And though I keep waiting for the national press to announce some year that it's all a giant put-on, they never do.

Instead, they tell us how important Iowa is.

You've probably picked up on the fact that the caucuses are Thursday night; that's right, Bunky -- caucusers, like trick-or-treaters, only go out after dark. No daylong chance to vote.

Like trick-or-treaters, caucusers show up in relatively small numbers. Reuters news service noted that only 6% of the state's eligible voters took part in 2004. It should be higher this year, because the field is wide open and with a juicier roster of candidates, but seriously, when was the last time you cared what someone from Cedar Rapids thought about presidential selection?

I say this as a Midwestern boy. I grew up in Nebraska and have absolutely no bone to pick with Iowans. The state is indispensable, especially if you're driving from Omaha to Chicago.

Nor is it Iowa's fault that everyone descends on it. They just hold the caucuses; they don't make anyone show up.

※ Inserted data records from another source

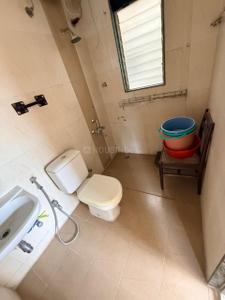 Image of 1100 Sq.ft 2 BHK Apartment / Flat for sale in Kothrud, Pune for Rs. 17500000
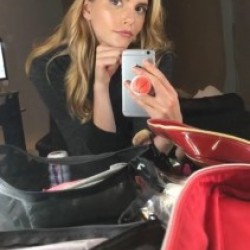 Ellena678, Griffin, United States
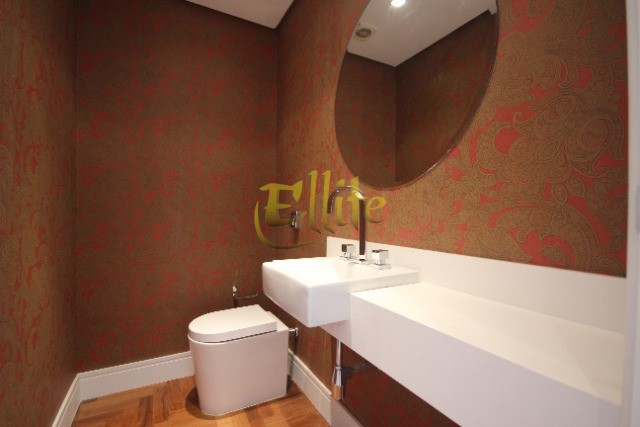 Apartamento, 3 quartos, 314 m² - Foto 23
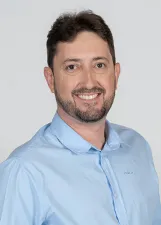 RAPHAEL DAL PAZ SCREMIN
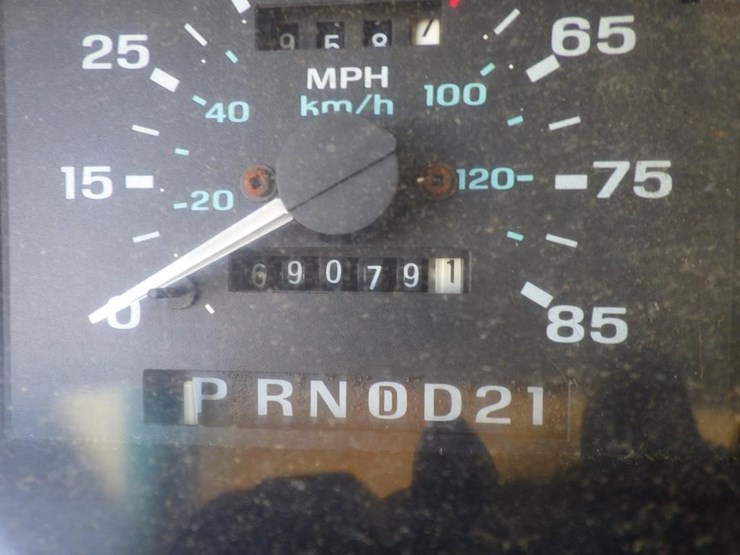 1994-ford-ranger-image-13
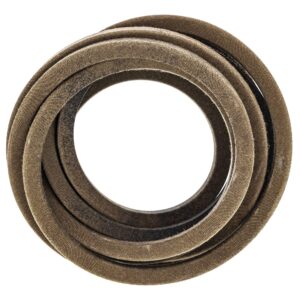 Spartan Mowers 461-0014-00 61-Inch Deck Diesel Belt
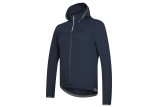 Doctorbike GIACCA DOTOUT UOMO ROCA BLUE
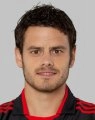 photo Tranquillo Barnetta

But the candidates show up, early and often, and the press follows. Or is it that the candidates show up because the press says it's important? It's a chicken-and-egg thing.

The Hawkeye State matters, we're told, because it stages the first candidate revue. Here's how "vital" Iowa is in the national scheme of things: It has almost the same number of people as Orange County.

Yet it's Iowa that separates the political wheat from the chaff.

The question is, why? It sure isn't because the candidates covet the state's seven electoral votes come November. In fact, does any candidate ever return to Iowa after caucus season?

They go to Iowa in the winter because they're supposed to. They have to.

They know that the political press wants to declare winners and losers, and no one wants to be left out.